We know. Take a second to collect yourself. It’s very exciting. And it’s going to be just as incredible as it sounds.
The Gift opens on the snow-blanketed grounds of the Alexander Palace in Western Russia where a moth has come to attend the birth of the fourth Romanov princess, Anastasia. She and her siblings grow up in a gilded world, isolated from the society beyond the palace walls despite their dominion over it. After mysteriously receiving a camera on her fifteenth birthday, she begins to document her world, but the gift carries with it a weight she can’t yet see. A creature moves on the edge of her vision and stalks her dreams. As the revolution unfolds, the confines of Anastasia’s world keep closing in. Something is following her, and it might not be human.
5 Questions with Zoe Maeve
1. What is it about Anastasia that made you want to write about her life? How did you hear of her story?
When I started working on The Gift, it was because I’d gotten obsessed not so much with the Romanovs, but with this network of websites and forums about them. It’s a corner of the internet where people are meticulously going through the family photos and matching them to the rooms in the palaces, digitizing menus from royal meals, that kind of thing. There’s one post that sticks with me where they were tracing the movement of a specific white chair across different photographs. It’s like this archival project where they’re collectively creating an imagined world that feels almost hyper-real and intensely saturated. I became very interested in this, more than I was interested in the real historical figures of the family, or Anastasia herself.

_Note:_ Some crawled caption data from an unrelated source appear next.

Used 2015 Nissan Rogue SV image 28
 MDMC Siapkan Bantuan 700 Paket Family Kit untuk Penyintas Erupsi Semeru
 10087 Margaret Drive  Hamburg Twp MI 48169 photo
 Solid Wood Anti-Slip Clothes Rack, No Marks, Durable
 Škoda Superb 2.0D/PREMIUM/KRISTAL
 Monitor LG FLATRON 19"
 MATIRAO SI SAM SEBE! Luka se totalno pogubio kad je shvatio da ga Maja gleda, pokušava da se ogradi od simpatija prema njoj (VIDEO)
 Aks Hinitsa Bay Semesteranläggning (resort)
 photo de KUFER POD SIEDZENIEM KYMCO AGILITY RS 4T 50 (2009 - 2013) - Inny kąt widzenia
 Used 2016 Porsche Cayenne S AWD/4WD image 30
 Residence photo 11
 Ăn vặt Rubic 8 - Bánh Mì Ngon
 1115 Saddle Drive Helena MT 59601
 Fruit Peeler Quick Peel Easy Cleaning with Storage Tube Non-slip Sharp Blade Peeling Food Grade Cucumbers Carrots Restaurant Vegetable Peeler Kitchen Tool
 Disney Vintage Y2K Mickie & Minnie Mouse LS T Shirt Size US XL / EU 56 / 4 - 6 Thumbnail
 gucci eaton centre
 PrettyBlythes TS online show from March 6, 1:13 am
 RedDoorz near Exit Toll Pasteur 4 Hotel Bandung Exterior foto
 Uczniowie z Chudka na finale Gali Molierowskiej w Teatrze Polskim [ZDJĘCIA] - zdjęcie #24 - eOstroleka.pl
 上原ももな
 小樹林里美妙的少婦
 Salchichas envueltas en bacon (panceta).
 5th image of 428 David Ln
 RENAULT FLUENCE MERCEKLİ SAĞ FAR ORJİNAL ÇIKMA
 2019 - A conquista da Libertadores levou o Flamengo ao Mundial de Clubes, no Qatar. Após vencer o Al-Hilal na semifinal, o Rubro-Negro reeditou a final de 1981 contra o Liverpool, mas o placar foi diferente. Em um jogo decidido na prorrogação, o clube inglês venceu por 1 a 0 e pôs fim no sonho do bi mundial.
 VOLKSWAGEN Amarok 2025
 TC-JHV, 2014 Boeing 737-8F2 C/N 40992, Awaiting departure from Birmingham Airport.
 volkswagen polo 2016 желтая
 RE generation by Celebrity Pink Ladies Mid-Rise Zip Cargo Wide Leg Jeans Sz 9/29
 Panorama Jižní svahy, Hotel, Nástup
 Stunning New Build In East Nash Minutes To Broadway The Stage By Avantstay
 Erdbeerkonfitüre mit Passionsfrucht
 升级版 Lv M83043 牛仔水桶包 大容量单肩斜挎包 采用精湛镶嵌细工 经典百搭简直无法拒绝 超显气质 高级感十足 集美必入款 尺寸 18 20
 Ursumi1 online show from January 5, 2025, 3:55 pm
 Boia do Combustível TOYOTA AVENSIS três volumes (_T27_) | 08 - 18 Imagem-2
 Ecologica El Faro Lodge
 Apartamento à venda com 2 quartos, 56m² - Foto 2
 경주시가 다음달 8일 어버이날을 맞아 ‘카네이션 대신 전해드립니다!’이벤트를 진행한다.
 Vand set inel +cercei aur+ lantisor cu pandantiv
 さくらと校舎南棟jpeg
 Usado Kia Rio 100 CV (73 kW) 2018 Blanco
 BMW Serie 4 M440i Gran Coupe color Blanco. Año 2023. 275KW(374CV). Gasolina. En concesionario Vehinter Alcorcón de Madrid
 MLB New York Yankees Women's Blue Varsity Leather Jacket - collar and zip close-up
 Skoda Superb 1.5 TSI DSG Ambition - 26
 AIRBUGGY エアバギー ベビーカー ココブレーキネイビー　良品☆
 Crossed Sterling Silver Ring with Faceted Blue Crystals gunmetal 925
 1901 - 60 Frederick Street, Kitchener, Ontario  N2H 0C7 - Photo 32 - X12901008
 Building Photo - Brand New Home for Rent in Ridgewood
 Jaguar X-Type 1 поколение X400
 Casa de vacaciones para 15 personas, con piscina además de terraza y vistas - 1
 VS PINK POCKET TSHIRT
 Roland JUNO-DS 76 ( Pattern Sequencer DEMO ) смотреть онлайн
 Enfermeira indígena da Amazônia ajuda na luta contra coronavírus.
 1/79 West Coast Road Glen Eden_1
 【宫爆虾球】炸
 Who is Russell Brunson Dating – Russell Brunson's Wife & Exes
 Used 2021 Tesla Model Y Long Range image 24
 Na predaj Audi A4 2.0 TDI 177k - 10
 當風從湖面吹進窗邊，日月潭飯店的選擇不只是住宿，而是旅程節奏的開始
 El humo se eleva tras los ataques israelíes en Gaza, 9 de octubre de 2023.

The thing is that when you start reading about the family, it’s very boring and ordinary and they led very sheltered lives, especially the children. My past work has had a lot to do with scrutinizing records, especially personal ones. I’m often looking at a life for something vital and ultimately unseeable because you’re looking so closely you can only skirt around it. I played pretty fast and loose with historical dates in the book, but what I really wanted to bring to life was the world inside the palace.
2. There is an element of horror in The Gift. What influenced this?
I’ve always been really interested in the aesthetics of horror movies. The horror I tend to be drawn to is about the supernatural and hauntings and it usually creeps into my work. One of my favourite movies is Hideo Nakata’s Dark Water, where what’s driving the haunting is this ghost’s incredible, forceful need, which doesn’t really become clear until the end. Another touchstone for me is Annihilation, by Jeff VanderMeer, where the way that the entity is operating is so far beyond the human, even though some of its manifestations seem to be more conventional.
So I think I was very interested in hauntings that are entangled with us but also indifferent to human events. In The Gift, these big historical events are taking place in the background, but the creature Anastasia sees isn’t an expression of them, and it becomes more like a private haunting she can’t really understand, and which is ultimately interrupted at the end of the book.
3. What is the gift in the book? Seems to be a camera but it also represents the gift of second sight. Are these concepts connected for you?
There’s the literal gift of the camera, which we don’t know who sent, but for me the gift in the title has more to do with what I talked about earlier. It’s this indescribable private thing, or haunting, that’s at the centre of being a person and that feels like both a gift and something burdensome. I think a lot of being a young person is trying to describe that, and ultimately accepting that you probably can’t, which Anastasia is never able to do. A lot of why the setting was so compelling to me was the way it resonates with this idea — being in this very opulent, heavy, isolated world.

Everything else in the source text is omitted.